Werden Entwicklungsvorhaben des BMZ in den drei Staaten von dem Austritt beeinträchtigt? 
Das hängt stark davon ab, welche Vereinbarungen die drei Staaten mit ihren Nachbarländern treffen werden. Es hat sehr wahrscheinlich Auswirkungen auf lokale Preise, die dann zum Beispiel auch Preissteigerungen für unsere Infrastrukturvorhaben bedeuten. Wir werden uns außerdem eng mit der Ecowas dazu abstimmen, in welcher Form Projekte, die bisher im Rahmen unserer Zusammenarbeit mit ihr in den drei Ländern laufen, dort weiter durchgeführt werden können. Trotzdem gibt es Dinge, an denen die Region und die drei Staaten gemeinsam Interesse haben – eben zum Beispiel Perspektiven für junge Menschen zu schaffen. Der Sahel ist eine der jüngsten und zugleich ärmsten Regionen der Erde. Das führt auch zu Sicherheitsproblemen, wenn sich nämlich Menschen aus Verzweiflung und einem Mangel anderer Perspektiven Terroristen zuwenden. Hinzu kommt der Klimawandel, der Anpassungen in der Landwirtschaft notwendig macht. Daran arbeiten wir bisher und werden das weiter tun. 

Der Niger wurde von Europa lange als der Türsteher behandelt, der die Migration Richtung Europa bremst. Ist das nun gescheitert? 
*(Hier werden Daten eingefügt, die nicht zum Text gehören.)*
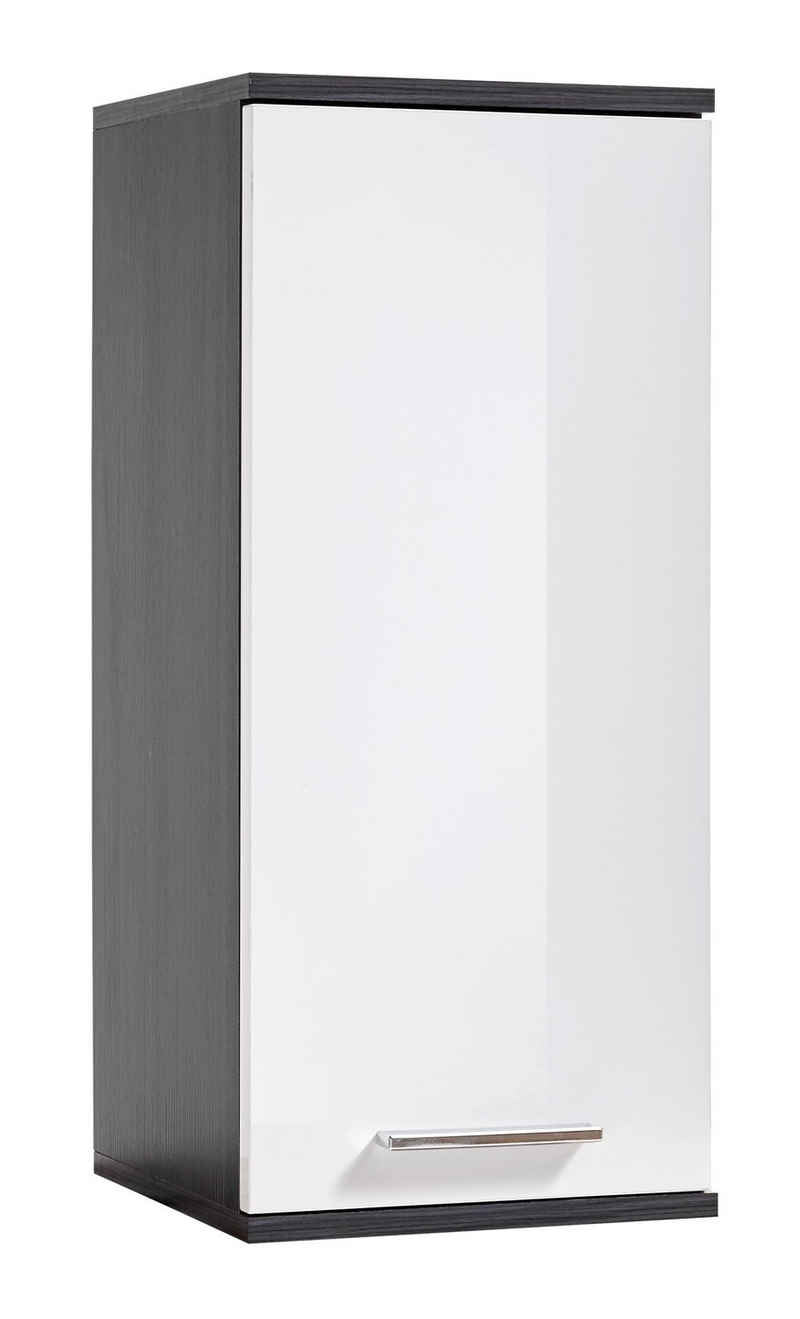 Hängeschrank ORLANDO, Weiß Hochglanz, Norwegische Pinie Dekor, Breite 30 cm, 1Tür
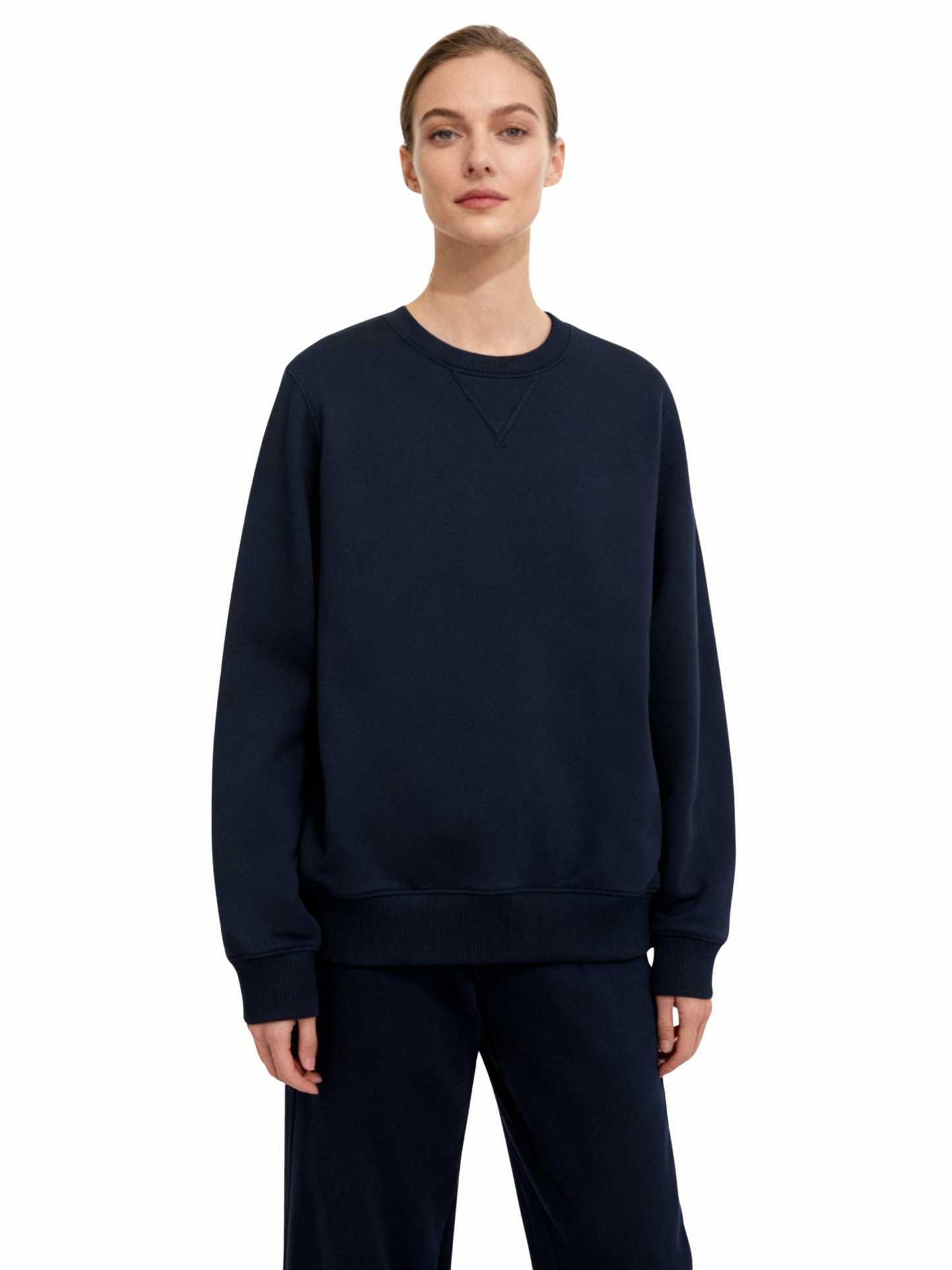 Navy Cotton Sweatshirt | 350 GSM Regular Fit | Aaploo Luxury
Ich halte diese Bezeichnung aus vielerlei Gründen für falsch. Und was heißt gescheitert? Wenn man Perspektiven für die Menschen in der Region aufzeigen kann, werden sich die wenigsten auf die sehr gefährlichen Wege Richtung Mittelmeer machen. Darum ist es Ministerin Svenja Schulze und mir auch beim Besuch Anfang Februar in Nigeria gegangen: Was kann man tun, um Ausbildung und Jobchancen vor Ort zu stärken und zu vermitteln: Welche Fähigkeiten benötigen die Menschen in den Herkunftsländern, wenn sie nach Europa wollen, um dort Fuß zu fassen? Das haben wir zum Beispiel in einem Migrationszentrum in Nigeria besprochen.

Das Gespräch führte Bernd Ludermann.